2. La publication d’un avis de recherche ou d’un appel à témoins par les médias se justifie s’il y a péril en la demeure. C’est le cas, par exemple, lorsque d’autres délits sont à craindre et/ou l’auteur présumé est en fuite, de même s’il nie sa culpabilité. La publication de noms et de photos est en revanche disproportionnée lorsque, comme dans le cas «Lucie», l’auteur présumé du meurtre a déjà été arrêté et qu’il a avoué, et que de plus un grand nombre d’éventuels témoins se sont annoncés auprès des autorités avant même la publication d’un appel à témoins.
3. Certes, les circonstances dans lesquelles les autorités dévoilent l’identité d’un auteur présumé – par exemple lorsque cette identification se fait au cours d’une conférence de presse retransmise en direct – peuvent entraver les efforts des médias à observer une retenue déontologique.
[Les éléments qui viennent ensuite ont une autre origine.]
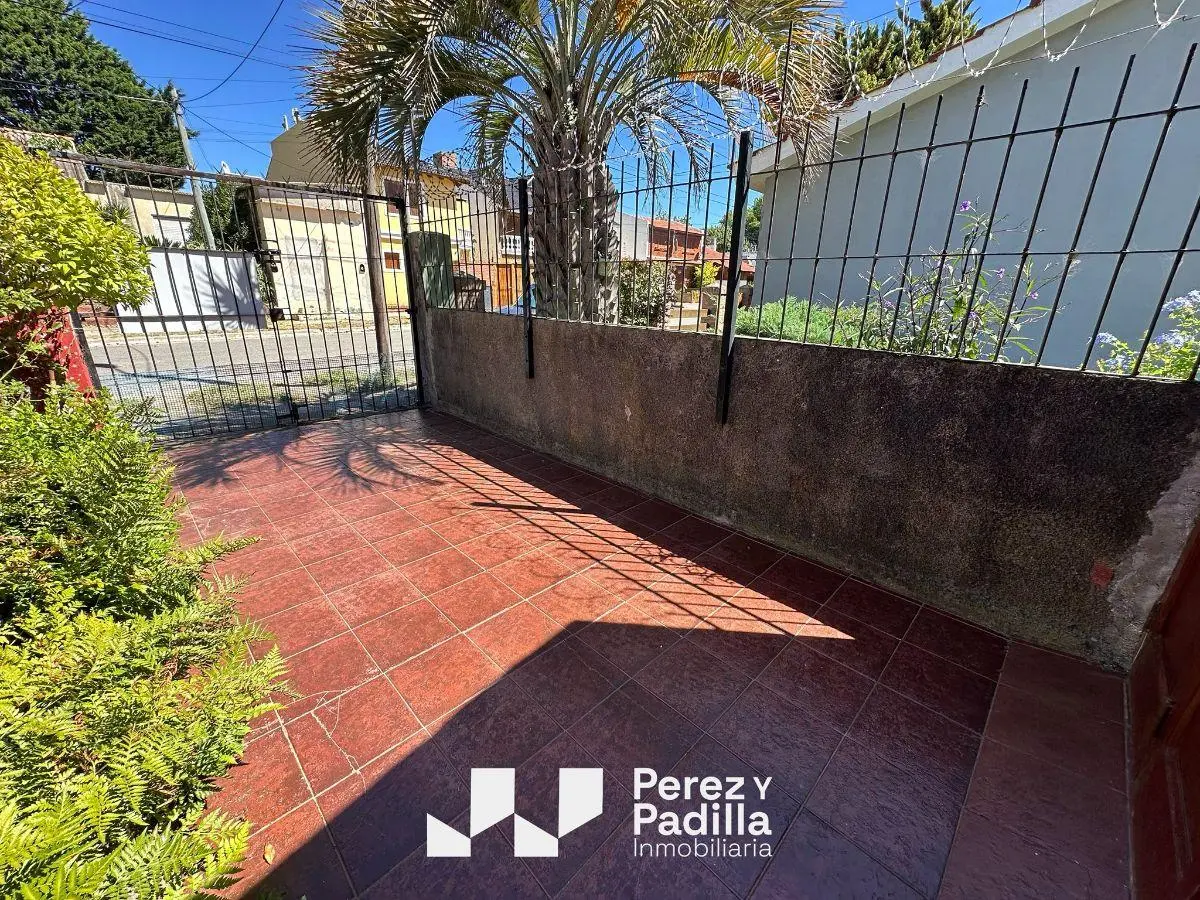 PH 3 ambientes + monoambiente + patio propio y cochera - a dos cuadras del mar 4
Toutefois la publication, une seule et unique fois, du nom et de l’image de l’auteur présumé ne confère pas à coup sûr à ce dernier une notoriété telle qu’elle rende inutile et superflu tout respect de l’anonymat dans les comptes rendus ultérieurs.
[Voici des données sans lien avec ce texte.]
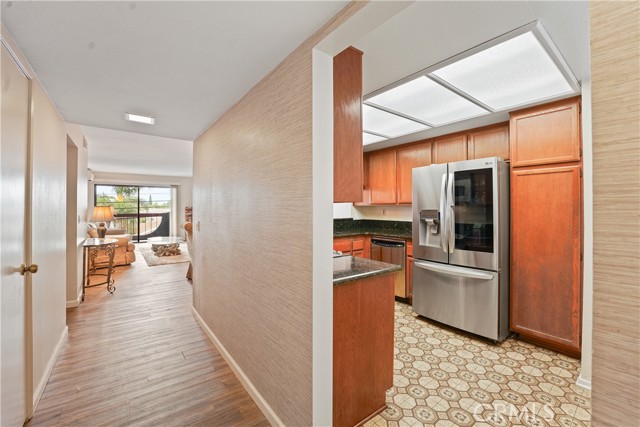 MLS #OC25222730 image #3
4. Les responsables de chaînes de radio et de télévision ainsi que les services on-line qui retransmettent intégralement des conférences de presse et autres manifestations semblables devraient prendre des précautions afin d’être en mesure de réagir lorsqu’une diffusion non filtrée de l’image et du son de l’événement enfreint les normes déontologiques.
5. Même si une rédaction parvient, après une pesée soigneuse des intérêts, à la conclusion que dans un cas donné la publication du nom et de la photo d’un auteur présumé est admissible, elle doit veiller à donner à cette information un traitement proportionné. Les journalistes ne sauraient profiter abusivement de la mention du nom et de la photo d’un auteur présumé par les autorités dans le cadre d’un appel à témoins pour clouer au pilori un meurtrier présumé et ses proches.